Yerli sermayeli emlak şirketlerinin kurumsallaşmasının şart olduğunu belirten İZEKO Yönetim Kurulu Başkanı Mesut Güleroğlu, piyasadaki yabancı sermayeli emlak şirketleri nedeniyle Türkiye genelinde her yıl 40 milyon doların yurt dışına çıktığını belirterek, bu paranın ülkede kalması için eğitimli, mevzuatı bilen ve çıtayı yüksek tutan gayrimenkul danışmanlarına ihtiyaç olduğunu söyledi. İstanbul Emlak Komisyoncuları Odası Başkanı Nizamettin Aşa da Güleroğlu’na destek vererek “Bu kesinlikle yabancı düşmanlığı değil. Bu tamamen mesleğe ve ülkeye sahip çıkmayla ilgili. Ülke bizim, sattığı taşınmaz bizim, emek bizim, sermaye bizim, komisyon bizim, hizmet bizim, ama para yabancı ülkeye gidiyor. Olmaz böyle şey" diye konuştu.
“BU PASTA TÜRKİYE'DE KALSIN”Güleroğlu, “Bu para Türkiye'de kalabilir. Vatandaşların emlakçı seçerken yerli firmaları tercih etmesini tavsiye ediyoruz. Türkiye'de yerli markaların ön plana çıkabileceği, kişilerin kendi markalarını oluşturabileceğini göstermemiz gerekiyor. Vatandaşlar da bu kurumsal kimlik içinde rahat bir şekilde alışverişini yapmaları sonucunda elde edilen gelirin yine Türkiye'de kalmasını hedefledik” ifadelerini kullanırken, Aşa da şunları söyledi: “Türkiye'de toplanan paranın büyük kısma yurt dışına gidiyor. Halen Türkiye'de yüzde 65 bakir bir alan var. Pasta büyük ve bu pasta Türkiye'de kalsın. Ülke ekonomisine faydası olsun. Yeter ki emlakçılık istenen kaliteli seviyeye ve hak ettiği yere gelsin. Bütün amacımız bu.”

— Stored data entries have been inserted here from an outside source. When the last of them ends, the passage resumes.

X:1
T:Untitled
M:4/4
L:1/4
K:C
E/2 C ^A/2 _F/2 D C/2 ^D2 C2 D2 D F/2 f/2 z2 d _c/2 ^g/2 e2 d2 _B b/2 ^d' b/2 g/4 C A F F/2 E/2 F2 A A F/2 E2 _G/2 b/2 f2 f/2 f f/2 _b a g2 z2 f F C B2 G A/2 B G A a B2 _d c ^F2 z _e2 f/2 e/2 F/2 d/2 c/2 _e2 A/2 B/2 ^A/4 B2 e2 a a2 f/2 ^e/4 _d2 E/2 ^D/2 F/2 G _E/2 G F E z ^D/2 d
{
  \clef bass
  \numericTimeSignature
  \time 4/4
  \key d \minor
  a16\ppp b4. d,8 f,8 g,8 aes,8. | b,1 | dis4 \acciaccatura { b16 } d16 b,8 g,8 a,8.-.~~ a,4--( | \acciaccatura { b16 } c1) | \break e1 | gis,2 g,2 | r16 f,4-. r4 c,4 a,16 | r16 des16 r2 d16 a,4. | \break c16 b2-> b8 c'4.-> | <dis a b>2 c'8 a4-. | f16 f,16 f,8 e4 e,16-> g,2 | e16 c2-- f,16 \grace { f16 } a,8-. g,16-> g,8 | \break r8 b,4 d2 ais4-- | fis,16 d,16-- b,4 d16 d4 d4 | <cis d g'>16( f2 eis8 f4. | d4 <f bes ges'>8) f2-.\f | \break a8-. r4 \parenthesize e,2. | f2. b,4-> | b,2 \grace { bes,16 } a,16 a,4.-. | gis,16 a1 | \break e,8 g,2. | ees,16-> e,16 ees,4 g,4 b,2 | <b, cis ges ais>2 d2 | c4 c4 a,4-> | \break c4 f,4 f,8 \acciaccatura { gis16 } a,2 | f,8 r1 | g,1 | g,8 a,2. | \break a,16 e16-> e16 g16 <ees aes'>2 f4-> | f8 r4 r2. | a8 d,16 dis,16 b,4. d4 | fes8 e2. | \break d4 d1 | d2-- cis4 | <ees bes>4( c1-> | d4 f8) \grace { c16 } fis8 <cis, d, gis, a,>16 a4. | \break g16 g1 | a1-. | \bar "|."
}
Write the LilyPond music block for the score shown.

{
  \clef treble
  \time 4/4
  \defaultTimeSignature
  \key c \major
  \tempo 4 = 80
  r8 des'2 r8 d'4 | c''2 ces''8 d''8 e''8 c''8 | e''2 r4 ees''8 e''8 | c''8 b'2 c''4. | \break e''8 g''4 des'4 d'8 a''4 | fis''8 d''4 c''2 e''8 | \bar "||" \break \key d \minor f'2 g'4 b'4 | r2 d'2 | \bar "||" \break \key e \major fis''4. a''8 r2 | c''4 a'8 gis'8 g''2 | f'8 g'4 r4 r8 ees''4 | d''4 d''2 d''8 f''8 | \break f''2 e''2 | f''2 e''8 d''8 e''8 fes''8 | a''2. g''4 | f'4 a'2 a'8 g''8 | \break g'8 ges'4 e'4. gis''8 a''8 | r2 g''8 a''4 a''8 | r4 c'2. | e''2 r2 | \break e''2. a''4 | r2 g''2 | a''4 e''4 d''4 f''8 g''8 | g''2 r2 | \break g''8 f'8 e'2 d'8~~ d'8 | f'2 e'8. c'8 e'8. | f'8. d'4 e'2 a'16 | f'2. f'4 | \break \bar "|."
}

“MASA SANDALYE İLE EMLAKÇI OLMAZ”Gayrimenkul danışmanlığının dünyanın en önemli mesleklerinden biri olduğunu dile getiren Aşa, "Emlakçı bir masa sandalye ve çantayla olmuyor. Kurumsallaşmak, eğitim ve disiplin, kendini devamlı geliştirmek çok önemli. Tapu mevzuatı, belediye mevzuatı, maliye mevzuatı ve hatta medeni kanuna kadar 16 tane kanuna hakim olunması gereken, yüzlerce genelge ve yönetmelikle idare edilen bir meslek. Kamuoyunda bilinenin aksine vasıf, eğitim isteyen bir meslek ve kelimenin tam anlamıyla kurumsallaşan bu işte başarılı olur" dedi.